Is it finally time to leave Afghanistan?

A shooting rampage could change the politics of war -- but calls for a rapid Afghanistan pull-out remain bad policy

Published March 13, 2012 11:45AM (EDT)

Anar Gul gestures to the body of her grandchild, who was allegedly killed by a U.S. service member in Panjwai, Kandahar, on Sunday.   (AP/Allauddin Khan)
Anar Gul gestures to the body of her grandchild, who was allegedly killed by a U.S. service member in Panjwai, Kandahar, on Sunday. (AP/Allauddin Khan)

Over the weekend, a U.S. soldier walked up to two villages in southern Afghanistan and killed 16 people, nine of them children. The incident has shocked the world as an appalling act of coldblooded murder, leading to increased calls for an American withdrawal. But, shocking as it may be, Sunday’s killings don’t fundamentally change the course of the  war.

The Afghanistan war has been in a violent downward spiral for years. But violence in Afghanistan – including Sunday’s rampage – tells only part of the story. That is because there are two wars being fought in Afghanistan. There's a physical war of holding territory, killing bad guys and building things that is being fought by the United States. And there's a political war of influence, perceptions, as well as fear, that is being fought by the Taliban.

Judging by the statistics International Security Assistance Force releases, the war should be going smoothly: In 2011 violence was down slightly, though still higher than 2008, when then-Sen. Barack Obama said the war was being neglected and desperately needed more troops and attention.

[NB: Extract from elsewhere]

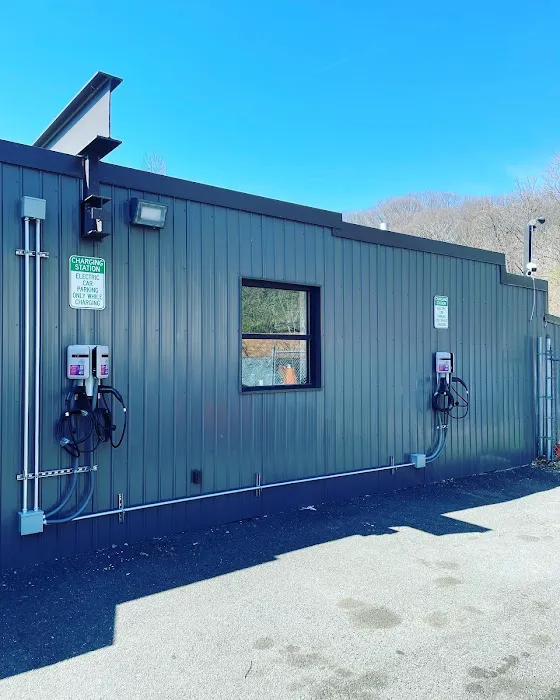 Von's Garage LLC 2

But the war is not going smoothly. Clausewitz’s dictum that war is politics by other means – a phrase used so often, to such little effect, that it’s nearly lost its meaning – is truer now than ever. Some of the tangible aspects of the war have improved, but its politics are worse than they’ve ever been. ISAF assembles meticulous statistics about the physical metrics of combat; it does not measure the social and political consequences of its action.

In a speech outlining his strategy for the war, President Obama boiled it down to three goals: Deny al-Qaida safe haven; prevent the Taliban from overthrowing the government; and build up the Afghan security forces so they can take over as U.S. troops leave. It is a remarkable framework, defined as much by absence as by accomplishment, and in terms so vague as to be impossible to achieve definitively. But it is also a fundamentally political strategic framework, focused on the Afghan government as the defining characteristic of any future Afghan state.

Yet politics are completely missing from the American side of the war. In the last year, overall violence has decreased but has concentrated on a few key areas like Kabul, which has seen a wave of terrifying, sophisticated attacks meant to shake confidence in ISAF and in the Afghan government. Meanwhile, heavy-handed “night raid” tactics by special operations forces – which the accused American shooter Sunday supported – often ignore the social and political consequences of those raids in the rush to tick up dead or captured bad guys. As a result, Afghans don’t look around and think that things are improving; by and large, they think things are getting worse.

In the U.S., the steady drumbeat of shocking news is also having an effect: A new ABC News-Washington Post poll shows plummeting support for the war in the general public; GOP support is falling quickly as well. This has led two of the GOP candidates for president, Newt Gingrich and Rick Santorum, to join forces with the anti-war left and voice opposition to the war and suggest a more rapid withdrawal.

But a more rapid withdrawal would be the worst possible outcome for Afghanistan right now. The desire to cut losses is understandable, even justified, but it would plunge Afghanistan into madness and anarchy.

That's because there remains no political process at work in Afghanistan than can address the fundamental conflict driving the war: a political contest between the current, corrupt government and the insurgency that rejects that government. The current line about so-called reconciliation – the negotiations process, which demands the Taliban accept the very Afghan constitution they’re fighting to upend – doesn’t account for any of Afghanistan’s politics. It is merely a call to surrender.

President Obama missed a critical opportunity in 2009 to reorient the war away from a military-led battle with some political trappings, to a political strategy with a military component. It’s not too late to make that shift in perspective and outlook – not yet, at least. While Sunday’s mass murder is shocking, it does provide some space in Washington for a pivot point to reorient the war where it needs to be: on the politics of Afghanistan, and not on the insurgency of Afghanistan.

A reorientation on politics opens up new choices for reengaging with Afghans under a less militarist rubric. It can allow new doctrines like Expeditionary Economics to reshape the economic and political engagement of local communities. It creates space for addressing the systemic causes of corruption: a poorly designed government that cannot raise its own revenue. And it puts the ultimate, long-term American goal with the Afghan people, instead of the insurgency or even Afghan government.

The opportunity to turn the Afghanistan conflict onto a better path is being drowned out by the shock and outrage over Sunday’s murders. And the administration has shown no interest in changing course, either. But altering the war so it focuses on the political reasons for conflict is the only way to avoid a complete disaster when the withdrawal finally happens.